It was also expected that the D'Alesandro boys would follow in the family business. But not Nancy, "the princess of the family," says her brother Tommy, the namesake son who would himself later be mayor of Baltimore. She was chauffeured to the Institute of Notre Dame a mile away (though she was embarrassed enough by that to insist on walking the last block). Her mother Annunciata made no secret of her hope that her daughter would become a nun. "Tommy was groomed to be mayor," Nancy would say, "and I was raised to be holy." Still, her mother sided with Nancy in her battle with her father to be allowed to go 37 miles away to Trinity College in Washington. While taking a summer class in 1961 at nearby Georgetown University, Nancy met a native San Franciscan named Paul Pelosi, and the two were married two years later.
In the space of six years, Nancy gave birth to four girls and a boy. Between driving carpool and sewing Halloween costumes and laying out a daily assembly line of wheat bread and sandwich meat from which the kids would make their lunches, Pelosi got heavily involved with San Francisco's Democratic scene as a fundraiser and hostess.
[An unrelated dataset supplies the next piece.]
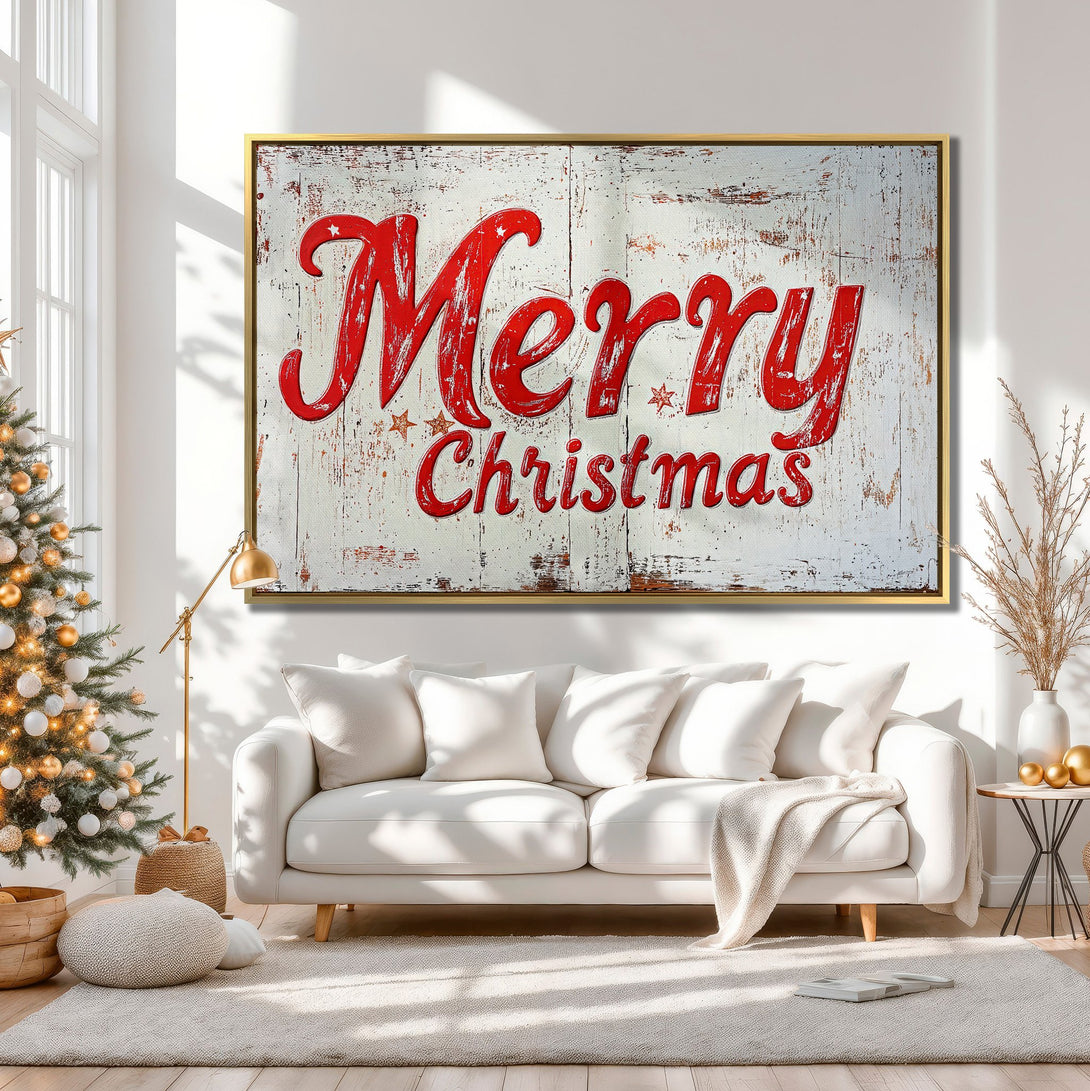 Canvas Print: Rustic "Merry Christmas" wall art in a cozy, neutral-toned interior. Festive decor with red lettering and warm, inviting style.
For all the city's hippie-dippy image in the 1960s and since, San Francisco politics are an obstacle course of fragile alliances, simmering rivalries and a bewildering array of interest and ethnic groups. "Baltimore was a proper introduction to politics in San Francisco," Pelosi says with a laugh.
As state party chairwoman, Pelosi was instrumental in bringing the 1984 Democratic National Convention to San Francisco. With her fundraising skills in one of the few states where rich people opened their wallets to Democrats during the Reagan era, Pelosi had made herself indispensable to national party leaders. And then came a summons in 1987 to the bedside of dying Congresswoman Sala Burton, who had won her seat as the widow of legendary Capitol Hill power broker Phillip Burton. Pelosi had been in the trenches with both Burtons; Sala wanted to know if she wanted the job.
Pelosi said yes, and Burton bestowed her blessing five days before she died. It was a short, brutal and close race, one in which Pelosi fought a charge that she, as the wife of a financier who lived in posh Pacific Heights, was no more than a dilettante. And oddly, if you compare that with her image today, she was actually the conservative on the ballot; among Democratic voters, she finished second to openly gay supervisor Harry Britt, but eked out enough Republican support to win the race by 3,990 votes.
She arrived in Washington by tragic happenstance, with no long-term game plan in mind, she says. "I never had any intention of running for leadership. None whatsoever. I really didn't know how long I would stay in Congress."